DATA FOR THE TASK Block Start

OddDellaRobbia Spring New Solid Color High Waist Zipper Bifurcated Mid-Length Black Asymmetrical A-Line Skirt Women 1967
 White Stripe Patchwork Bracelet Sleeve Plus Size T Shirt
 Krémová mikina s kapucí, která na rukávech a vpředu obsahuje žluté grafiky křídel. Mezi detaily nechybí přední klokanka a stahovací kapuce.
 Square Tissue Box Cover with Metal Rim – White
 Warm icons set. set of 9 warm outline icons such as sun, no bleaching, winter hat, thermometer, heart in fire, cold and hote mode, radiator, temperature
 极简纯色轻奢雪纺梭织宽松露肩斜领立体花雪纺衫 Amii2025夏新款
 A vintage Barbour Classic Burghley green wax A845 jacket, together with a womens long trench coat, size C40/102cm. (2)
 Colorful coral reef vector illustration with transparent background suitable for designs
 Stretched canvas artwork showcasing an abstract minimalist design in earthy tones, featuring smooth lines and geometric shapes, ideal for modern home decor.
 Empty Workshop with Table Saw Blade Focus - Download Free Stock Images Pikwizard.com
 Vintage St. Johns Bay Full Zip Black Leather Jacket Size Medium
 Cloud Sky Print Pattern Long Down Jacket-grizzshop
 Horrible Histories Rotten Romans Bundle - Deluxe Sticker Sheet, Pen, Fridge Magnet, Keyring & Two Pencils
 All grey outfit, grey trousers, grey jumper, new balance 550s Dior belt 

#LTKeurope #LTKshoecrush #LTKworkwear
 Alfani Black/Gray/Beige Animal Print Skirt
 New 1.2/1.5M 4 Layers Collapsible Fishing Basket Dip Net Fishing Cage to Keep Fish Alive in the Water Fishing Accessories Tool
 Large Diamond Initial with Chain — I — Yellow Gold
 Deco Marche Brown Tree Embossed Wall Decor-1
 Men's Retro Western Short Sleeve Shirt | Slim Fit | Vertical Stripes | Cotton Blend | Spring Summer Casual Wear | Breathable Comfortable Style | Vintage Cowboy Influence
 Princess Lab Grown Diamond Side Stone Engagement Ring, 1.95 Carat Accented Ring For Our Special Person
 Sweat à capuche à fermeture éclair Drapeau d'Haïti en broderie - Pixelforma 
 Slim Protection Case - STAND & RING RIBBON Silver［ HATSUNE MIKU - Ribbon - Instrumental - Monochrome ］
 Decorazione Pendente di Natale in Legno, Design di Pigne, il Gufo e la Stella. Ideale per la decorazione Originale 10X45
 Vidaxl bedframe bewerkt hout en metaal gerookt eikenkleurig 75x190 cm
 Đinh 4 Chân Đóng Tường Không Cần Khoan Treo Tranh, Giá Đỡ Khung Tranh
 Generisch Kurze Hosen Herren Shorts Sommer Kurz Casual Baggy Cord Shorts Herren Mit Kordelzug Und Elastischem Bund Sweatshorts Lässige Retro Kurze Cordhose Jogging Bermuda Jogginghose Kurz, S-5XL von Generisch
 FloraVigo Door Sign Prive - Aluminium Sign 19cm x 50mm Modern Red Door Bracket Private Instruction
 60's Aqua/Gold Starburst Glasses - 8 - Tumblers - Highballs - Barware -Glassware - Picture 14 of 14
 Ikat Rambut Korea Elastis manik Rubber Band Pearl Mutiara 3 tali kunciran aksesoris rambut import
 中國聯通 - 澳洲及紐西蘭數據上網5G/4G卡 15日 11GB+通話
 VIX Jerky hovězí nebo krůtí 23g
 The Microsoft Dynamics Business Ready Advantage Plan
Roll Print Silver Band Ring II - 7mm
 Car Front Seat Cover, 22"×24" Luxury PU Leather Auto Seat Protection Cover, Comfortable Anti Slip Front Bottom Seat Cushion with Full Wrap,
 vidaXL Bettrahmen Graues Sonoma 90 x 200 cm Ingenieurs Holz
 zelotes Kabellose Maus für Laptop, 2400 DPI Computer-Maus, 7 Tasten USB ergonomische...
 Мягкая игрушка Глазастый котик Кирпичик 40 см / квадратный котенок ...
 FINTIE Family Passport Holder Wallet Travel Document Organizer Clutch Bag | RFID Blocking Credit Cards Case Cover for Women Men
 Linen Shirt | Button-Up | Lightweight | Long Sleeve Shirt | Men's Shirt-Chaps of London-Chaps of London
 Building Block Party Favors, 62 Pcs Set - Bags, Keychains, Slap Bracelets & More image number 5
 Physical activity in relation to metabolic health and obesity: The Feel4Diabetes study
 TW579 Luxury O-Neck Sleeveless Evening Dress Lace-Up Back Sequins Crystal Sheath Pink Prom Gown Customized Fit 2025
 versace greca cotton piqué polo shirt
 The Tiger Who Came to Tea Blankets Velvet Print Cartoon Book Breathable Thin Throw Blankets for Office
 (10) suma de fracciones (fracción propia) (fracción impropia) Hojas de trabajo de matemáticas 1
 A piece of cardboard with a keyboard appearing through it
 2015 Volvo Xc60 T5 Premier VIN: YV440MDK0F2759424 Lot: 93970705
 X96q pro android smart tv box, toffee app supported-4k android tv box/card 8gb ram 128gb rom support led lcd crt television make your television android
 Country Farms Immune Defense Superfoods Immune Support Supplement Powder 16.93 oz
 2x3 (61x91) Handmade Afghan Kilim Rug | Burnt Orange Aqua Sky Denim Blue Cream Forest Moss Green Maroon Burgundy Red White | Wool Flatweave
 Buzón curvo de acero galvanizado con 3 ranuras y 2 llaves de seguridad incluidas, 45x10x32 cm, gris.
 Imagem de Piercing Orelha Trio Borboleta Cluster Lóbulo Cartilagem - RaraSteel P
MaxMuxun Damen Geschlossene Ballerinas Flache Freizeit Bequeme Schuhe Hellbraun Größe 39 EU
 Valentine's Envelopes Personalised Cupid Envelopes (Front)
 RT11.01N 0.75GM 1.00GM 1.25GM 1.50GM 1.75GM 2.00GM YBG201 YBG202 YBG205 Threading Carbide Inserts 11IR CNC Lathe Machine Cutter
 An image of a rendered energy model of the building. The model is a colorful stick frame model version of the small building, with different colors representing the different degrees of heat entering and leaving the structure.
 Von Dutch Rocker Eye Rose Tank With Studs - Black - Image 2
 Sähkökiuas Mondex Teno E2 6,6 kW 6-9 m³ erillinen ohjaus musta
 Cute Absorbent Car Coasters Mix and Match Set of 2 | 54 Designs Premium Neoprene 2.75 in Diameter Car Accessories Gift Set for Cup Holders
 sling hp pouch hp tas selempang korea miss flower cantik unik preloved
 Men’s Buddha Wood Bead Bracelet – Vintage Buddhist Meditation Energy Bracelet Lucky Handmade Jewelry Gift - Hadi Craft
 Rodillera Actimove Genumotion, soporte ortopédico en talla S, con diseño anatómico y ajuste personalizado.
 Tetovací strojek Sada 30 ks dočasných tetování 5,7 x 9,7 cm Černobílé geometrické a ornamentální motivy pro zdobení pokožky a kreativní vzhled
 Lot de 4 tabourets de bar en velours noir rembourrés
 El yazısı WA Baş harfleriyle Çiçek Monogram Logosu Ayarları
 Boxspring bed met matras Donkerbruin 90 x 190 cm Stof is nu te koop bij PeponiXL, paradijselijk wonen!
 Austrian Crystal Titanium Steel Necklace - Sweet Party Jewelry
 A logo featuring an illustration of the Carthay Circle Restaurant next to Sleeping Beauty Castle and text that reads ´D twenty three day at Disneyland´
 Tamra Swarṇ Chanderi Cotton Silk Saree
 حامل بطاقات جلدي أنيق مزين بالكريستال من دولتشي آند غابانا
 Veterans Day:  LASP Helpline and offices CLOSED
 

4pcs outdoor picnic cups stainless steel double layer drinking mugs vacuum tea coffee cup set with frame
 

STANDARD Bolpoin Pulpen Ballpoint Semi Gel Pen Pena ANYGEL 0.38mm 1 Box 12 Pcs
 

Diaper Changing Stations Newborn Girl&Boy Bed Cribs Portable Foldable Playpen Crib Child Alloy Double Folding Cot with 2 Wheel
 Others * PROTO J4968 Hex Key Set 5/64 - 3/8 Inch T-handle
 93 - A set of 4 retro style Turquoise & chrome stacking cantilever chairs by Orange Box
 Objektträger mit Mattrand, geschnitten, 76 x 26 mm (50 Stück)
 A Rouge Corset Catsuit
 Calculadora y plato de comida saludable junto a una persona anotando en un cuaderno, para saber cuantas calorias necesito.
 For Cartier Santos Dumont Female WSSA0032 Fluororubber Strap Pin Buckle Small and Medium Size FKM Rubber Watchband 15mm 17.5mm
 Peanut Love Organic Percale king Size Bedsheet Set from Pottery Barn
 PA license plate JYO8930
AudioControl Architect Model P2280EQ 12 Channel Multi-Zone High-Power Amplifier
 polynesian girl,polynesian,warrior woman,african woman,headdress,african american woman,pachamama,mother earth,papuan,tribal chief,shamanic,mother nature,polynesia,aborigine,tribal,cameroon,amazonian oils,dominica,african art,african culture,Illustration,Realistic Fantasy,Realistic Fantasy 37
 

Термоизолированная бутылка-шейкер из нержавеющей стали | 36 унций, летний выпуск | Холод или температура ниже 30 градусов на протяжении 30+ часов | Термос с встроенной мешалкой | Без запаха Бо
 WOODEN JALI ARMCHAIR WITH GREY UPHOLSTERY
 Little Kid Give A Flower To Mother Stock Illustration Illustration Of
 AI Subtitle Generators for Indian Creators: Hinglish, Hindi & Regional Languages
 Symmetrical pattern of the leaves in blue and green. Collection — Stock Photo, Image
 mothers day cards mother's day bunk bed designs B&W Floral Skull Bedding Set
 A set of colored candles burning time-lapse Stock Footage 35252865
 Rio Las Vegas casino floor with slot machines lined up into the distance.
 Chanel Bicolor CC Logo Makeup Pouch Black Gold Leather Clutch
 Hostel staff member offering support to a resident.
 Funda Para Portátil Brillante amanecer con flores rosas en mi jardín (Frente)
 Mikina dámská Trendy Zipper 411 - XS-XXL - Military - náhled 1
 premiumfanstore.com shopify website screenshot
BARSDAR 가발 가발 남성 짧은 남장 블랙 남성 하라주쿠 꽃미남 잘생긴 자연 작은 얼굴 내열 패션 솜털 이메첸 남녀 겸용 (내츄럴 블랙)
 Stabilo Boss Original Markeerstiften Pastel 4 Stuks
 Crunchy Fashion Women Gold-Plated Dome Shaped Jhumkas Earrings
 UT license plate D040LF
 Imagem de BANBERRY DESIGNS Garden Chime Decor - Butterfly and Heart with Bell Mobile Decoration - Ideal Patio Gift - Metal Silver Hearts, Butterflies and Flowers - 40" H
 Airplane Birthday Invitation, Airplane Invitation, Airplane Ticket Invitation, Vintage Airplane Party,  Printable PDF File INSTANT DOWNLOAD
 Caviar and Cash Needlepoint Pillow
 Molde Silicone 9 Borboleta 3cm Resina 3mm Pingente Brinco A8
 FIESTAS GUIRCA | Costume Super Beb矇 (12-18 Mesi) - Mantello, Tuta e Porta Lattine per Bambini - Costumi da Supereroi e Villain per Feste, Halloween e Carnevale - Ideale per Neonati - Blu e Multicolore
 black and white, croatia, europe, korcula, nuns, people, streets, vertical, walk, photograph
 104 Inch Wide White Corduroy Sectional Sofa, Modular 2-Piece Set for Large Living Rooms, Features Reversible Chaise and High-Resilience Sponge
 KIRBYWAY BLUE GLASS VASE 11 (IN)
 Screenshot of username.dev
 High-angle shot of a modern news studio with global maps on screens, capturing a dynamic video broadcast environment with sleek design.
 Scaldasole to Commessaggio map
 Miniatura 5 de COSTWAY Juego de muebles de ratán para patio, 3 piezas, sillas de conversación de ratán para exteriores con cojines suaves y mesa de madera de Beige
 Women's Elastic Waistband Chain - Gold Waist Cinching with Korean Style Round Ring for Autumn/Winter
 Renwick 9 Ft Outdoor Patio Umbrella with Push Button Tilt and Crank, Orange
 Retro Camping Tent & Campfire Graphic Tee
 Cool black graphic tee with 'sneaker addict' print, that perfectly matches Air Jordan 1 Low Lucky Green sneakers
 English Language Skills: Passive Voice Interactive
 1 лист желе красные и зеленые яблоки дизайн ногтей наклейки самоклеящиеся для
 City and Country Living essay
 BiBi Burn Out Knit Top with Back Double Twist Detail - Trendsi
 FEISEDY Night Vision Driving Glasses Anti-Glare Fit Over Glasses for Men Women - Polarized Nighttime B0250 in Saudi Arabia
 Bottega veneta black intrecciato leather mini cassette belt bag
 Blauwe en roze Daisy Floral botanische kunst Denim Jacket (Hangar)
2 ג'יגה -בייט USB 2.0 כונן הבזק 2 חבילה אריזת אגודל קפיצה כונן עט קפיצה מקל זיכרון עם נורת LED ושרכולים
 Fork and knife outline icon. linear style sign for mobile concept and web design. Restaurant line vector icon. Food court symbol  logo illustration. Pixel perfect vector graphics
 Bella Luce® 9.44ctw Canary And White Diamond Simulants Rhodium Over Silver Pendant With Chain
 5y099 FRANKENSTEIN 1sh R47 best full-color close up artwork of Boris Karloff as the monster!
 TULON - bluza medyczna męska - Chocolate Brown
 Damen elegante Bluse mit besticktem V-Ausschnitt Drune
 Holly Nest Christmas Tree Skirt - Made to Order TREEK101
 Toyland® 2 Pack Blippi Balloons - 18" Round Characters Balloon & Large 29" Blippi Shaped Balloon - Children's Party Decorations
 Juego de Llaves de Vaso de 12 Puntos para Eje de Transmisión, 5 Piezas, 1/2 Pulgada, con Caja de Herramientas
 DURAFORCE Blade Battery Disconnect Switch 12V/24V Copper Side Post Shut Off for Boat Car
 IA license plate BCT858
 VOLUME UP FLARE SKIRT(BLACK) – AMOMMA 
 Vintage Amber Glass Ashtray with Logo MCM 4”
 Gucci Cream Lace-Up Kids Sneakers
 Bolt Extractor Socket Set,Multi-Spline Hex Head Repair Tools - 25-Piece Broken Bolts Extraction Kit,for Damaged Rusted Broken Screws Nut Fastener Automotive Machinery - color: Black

DATA FOR THE TASK Block End

Begin with the first line of the data above and, please, print each line exactly until you have printed the line containing "极简纯色轻奢雪纺梭织宽松露肩斜领立体花雪纺衫 Amii2025夏新款"; print nothing else.

OddDellaRobbia Spring New Solid Color High Waist Zipper Bifurcated Mid-Length Black Asymmetrical A-Line Skirt Women 1967
 White Stripe Patchwork Bracelet Sleeve Plus Size T Shirt
 Krémová mikina s kapucí, která na rukávech a vpředu obsahuje žluté grafiky křídel. Mezi detaily nechybí přední klokanka a stahovací kapuce.
 Square Tissue Box Cover with Metal Rim – White
 Warm icons set. set of 9 warm outline icons such as sun, no bleaching, winter hat, thermometer, heart in fire, cold and hote mode, radiator, temperature
 极简纯色轻奢雪纺梭织宽松露肩斜领立体花雪纺衫 Amii2025夏新款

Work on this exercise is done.